Please, could you print all the lines below exactly, leaving out the pictures?

**Given data:**
☆ ☆ ☆ ☆ ☆ ☆ ☆
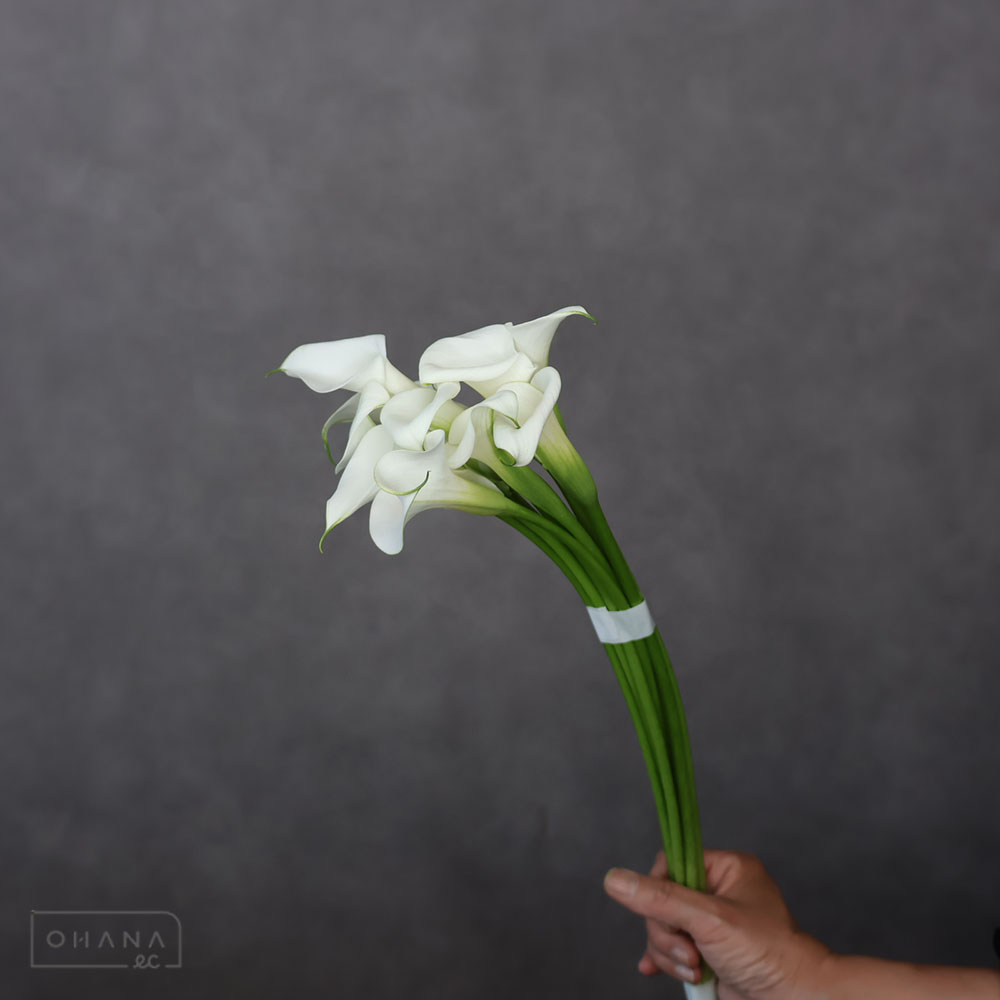 カラー キャプテンベンチュラ　Ａ40CM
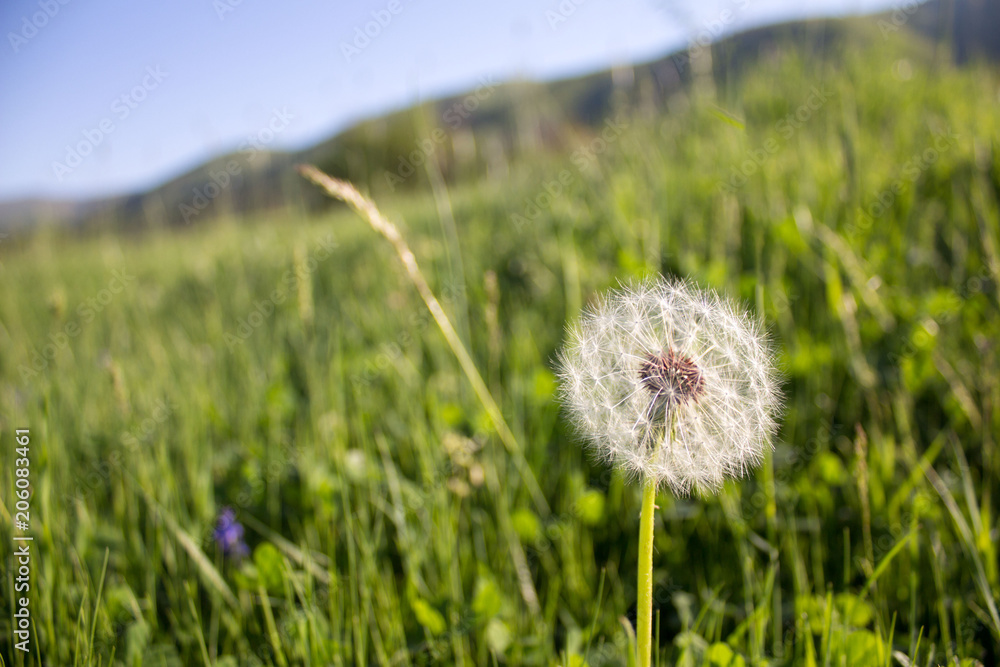 CLose-up of dandelion on green meadow background CLose-up of dandelion on green meadow background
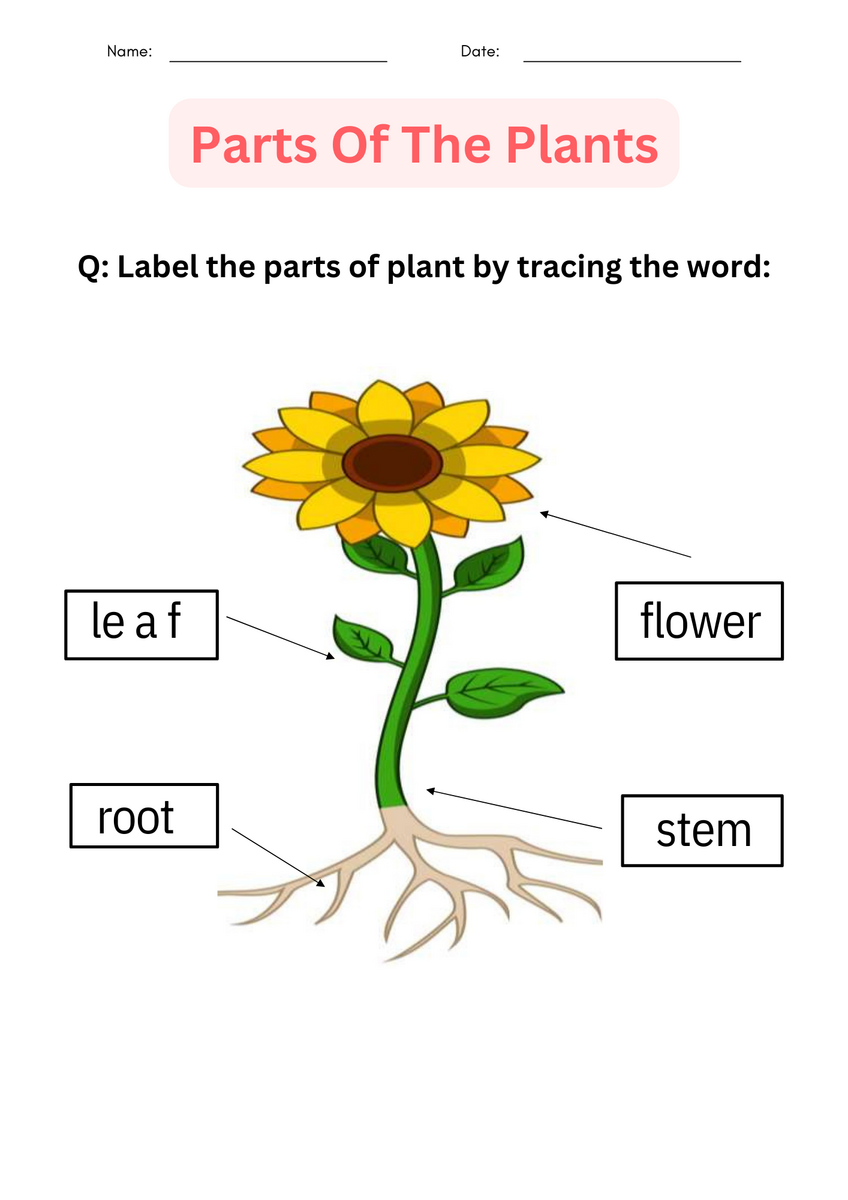 Printable Activities Parts Of A Plant Worksheet For Kindergarten Made By Teachers Free Printable Parts Of A Flower Worksheet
☆ ☆ ☆ ☆ ☆ ☆ ☆
**Solved exercise:**
 カラー キャプテンベンチュラ　Ａ40CM
 CLose-up of dandelion on green meadow background CLose-up of dandelion on green meadow background
 Printable Activities Parts Of A Plant Worksheet For Kindergarten Made By Teachers Free Printable Parts Of A Flower Worksheet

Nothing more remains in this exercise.